On NPR I heard about a guy just the other day.  I was stuck in a traffic jam going either into or out of L.A., I can't remember which.  This guy lives in Santa Monica, makes 30K a week and has 24 writers working for him.  What those writers produce is 100% bullshit, which is funneled onto the Facebook pages of people inclined to believe pretty much anything that reinforces the beliefs they already have.  Of course I didn't know what my ex-Facebook friend was talking about when he said Hillary should be in prison.  How was I to know she murdered an FBI agent, chopped up his body, then destroyed it with acid in a bathtub.   It wasn't in any of the newsfeeds I read.  But it was in "The Real Story" and "Atrocitities of Democrats Run Amok" and "Why the Left Wants to Cut up Your Babies." And it was there because it was manufactured for money.

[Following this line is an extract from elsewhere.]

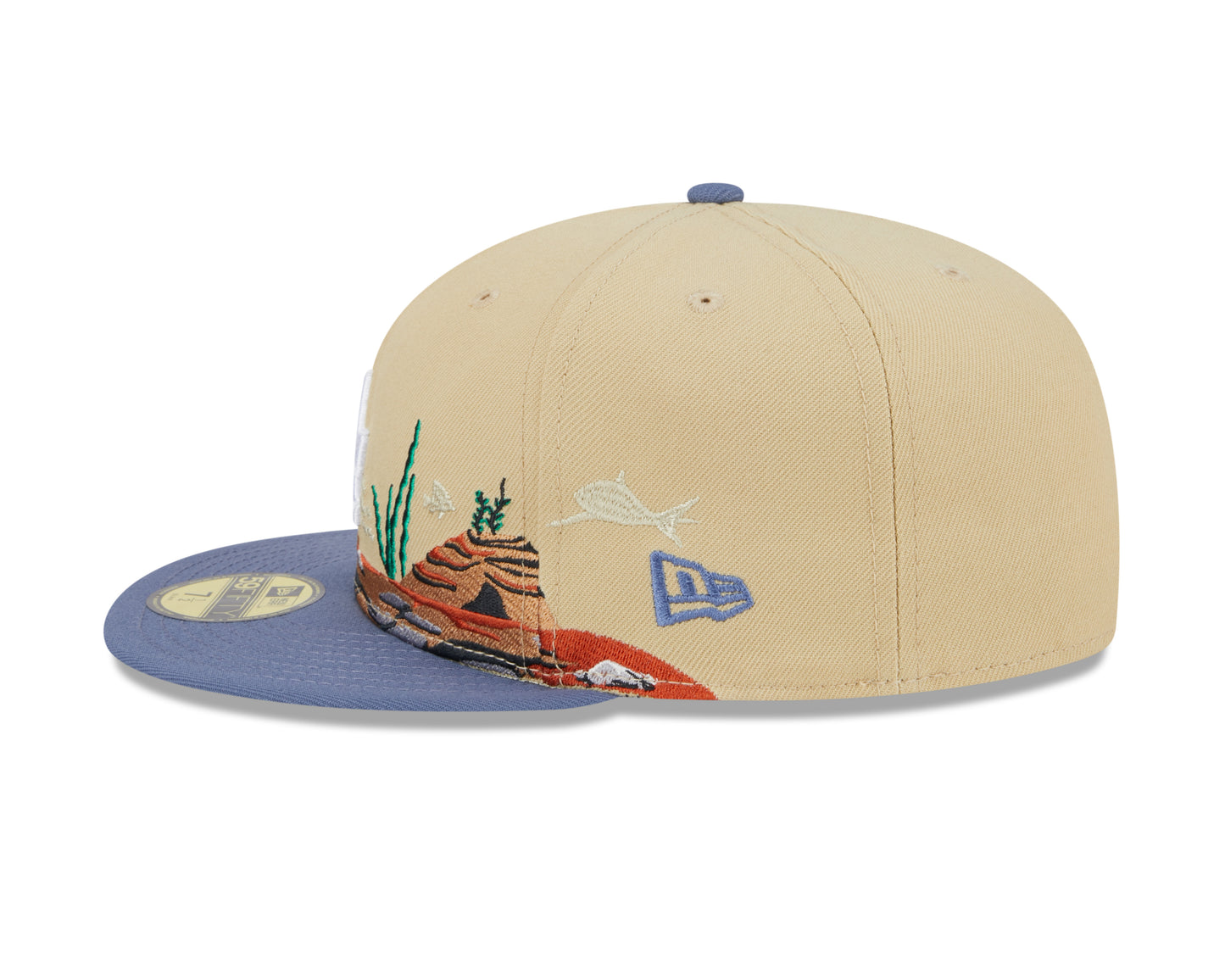 New Era - 59Fifty Fitted Cap TEAM LANDSCAPE - Los Angeles Dodgers - VGD - Headz Up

It makes sense, in a uniquely American way.  We don't make much actual stuff in this country, I mean besides hamburgers and cheezy crust pizzas and giant sized lattes with 4500 calories each.  So this latest generation of entrepreneurs figured out that they could make a lot of money simply by making up the news.

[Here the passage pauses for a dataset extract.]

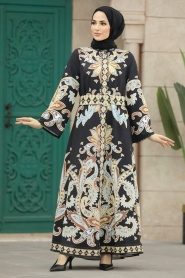 Neva Style - Black Hijab Dress 22342S - Thumbnail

It's really dangerous to teach young people things.  They're likely to go out and not just do them, but improve on the original idea.

Or how about Marco Chacon?  I read about him this morning in The Daily Beast.  At first he comes off all ironic-like, one of these to-clever-by-halfs millennial wankers who want to see how many undereducated rubes they can fool.  So he'd write fake news stories, create fake hash tags like #NeverEverHillary, the stuff would get passed around the echo chambers of social media, and all the sudden the guy's a success, probably for the first time since he first pooed in his little yellow potty chair.  Not only did people believe his fake news stories, they passed them around and his statistics started going through the roof.  He wrote stories about The Deep State, and Hillary Clinton not just fainting, but being terminally ill.  Like-minded Facebook users passed  this garbage around and believed it to to be true.

And voila.  We got Donald Trump for president.

I'm kind of torn in my feelings about this brave new world.  On the one hand, these guys just created products, sold 'em, and made loads of dough.  It's capitalism at it's best, right?  They correctly understood cyberspaces that needed filling and transformed things really.  They innovated, thought "outside the box."  We live in a "post fact" world now, or so I'm told.  For many people, this is convenient.  Facts are bothersome, hard to remember and sometimes challenge long held beliefs.   But they do have a tendency to raise their ugly heads bye the bye.  May the Lord have mercy on us all.